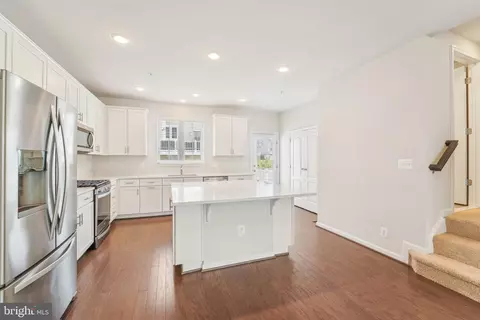 Kitchen - 2542 Debert Cir, Hanover, MD 21076 photo 1 of 4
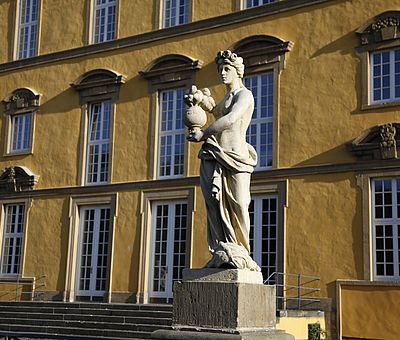 Die Skulpturen im Osnabrücker Schlossgarten sind Allegorien auf die Kontinente Europa, Asien, Afrika und Amerika. Sie stammen von Schloss Eggermühlen.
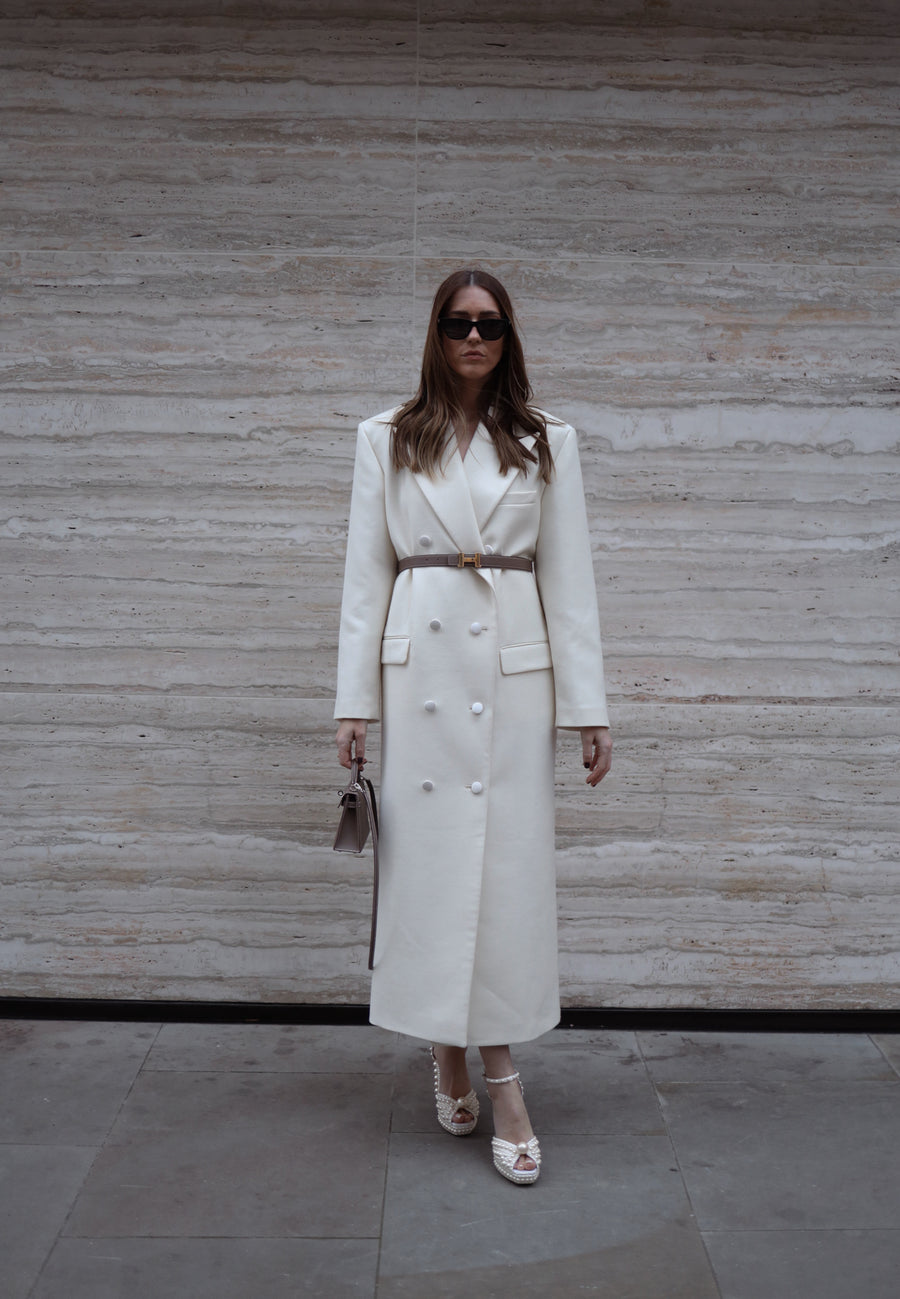 How to Style a Duster Coat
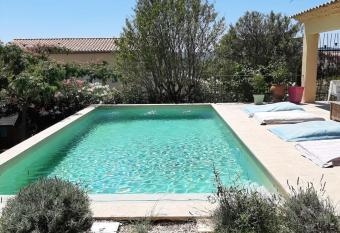 Chambre d h  te Villelaure has Balcony rooms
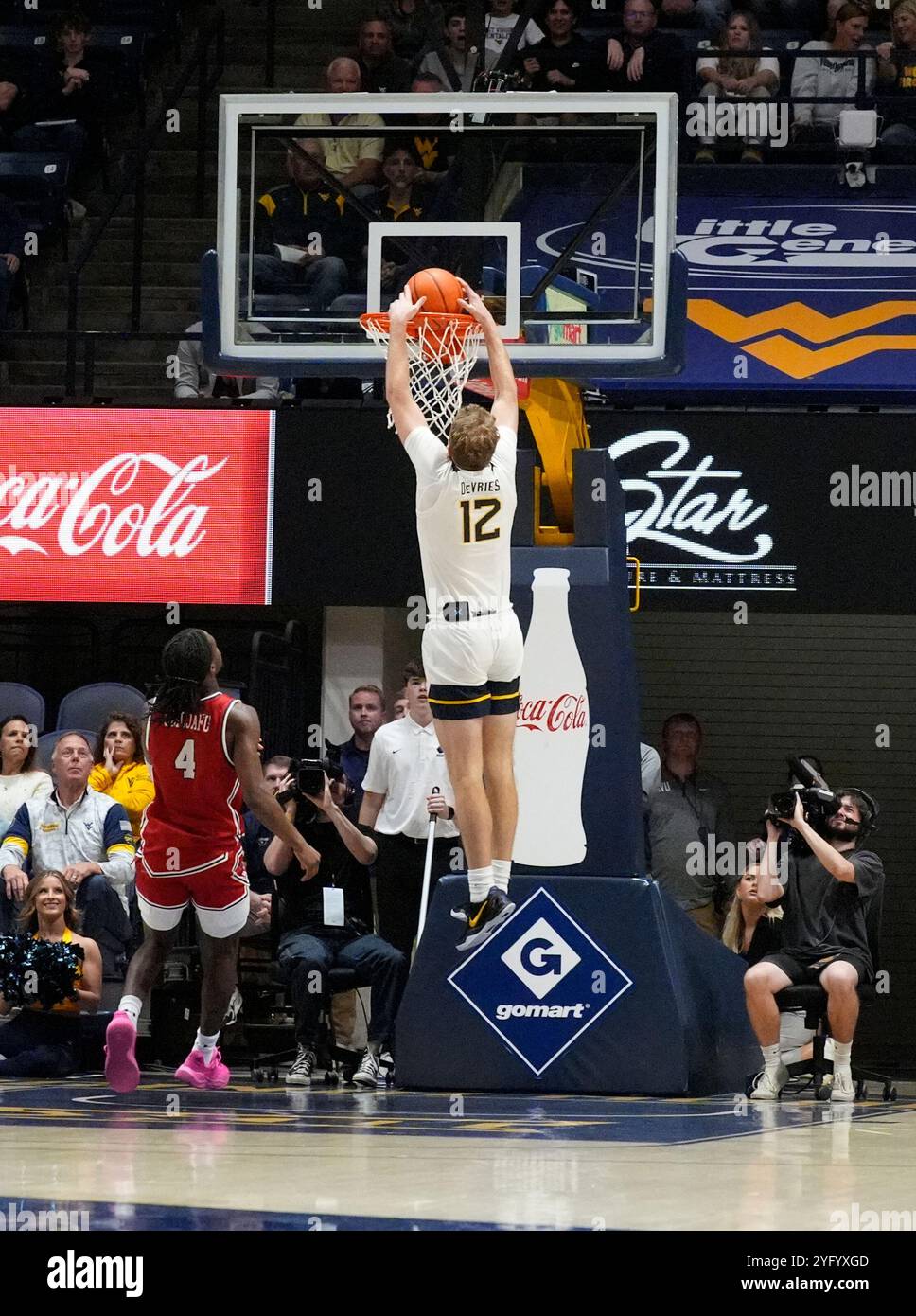 Morgantown, West Virginia, USA. 4th Nov, 2024. November 4, 2024: Tucker DeVries #12 during the West Virginia University Mountaineers vs. Robert Morris University Colonials at the WVU Coliseum in Morgantown WV. Brook Ward/Apparent Media Group (Credit Image: © AMG/AMG via ZUMA Press Wire) EDITORIAL USAGE ONLY! Not for Commercial USAGE! Stock Photo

Exercise
Could you output all the entries above exactly as written, leaving out the pictures?

Exercise response
 Kitchen - 2542 Debert Cir, Hanover, MD 21076 photo 1 of 4
 Die Skulpturen im Osnabrücker Schlossgarten sind Allegorien auf die Kontinente Europa, Asien, Afrika und Amerika. Sie stammen von Schloss Eggermühlen.
 How to Style a Duster Coat
 Chambre d h  te Villelaure has Balcony rooms
 Morgantown, West Virginia, USA. 4th Nov, 2024. November 4, 2024: Tucker DeVries #12 during the West Virginia University Mountaineers vs. Robert Morris University Colonials at the WVU Coliseum in Morgantown WV. Brook Ward/Apparent Media Group (Credit Image: © AMG/AMG via ZUMA Press Wire) EDITORIAL USAGE ONLY! Not for Commercial USAGE! Stock Photo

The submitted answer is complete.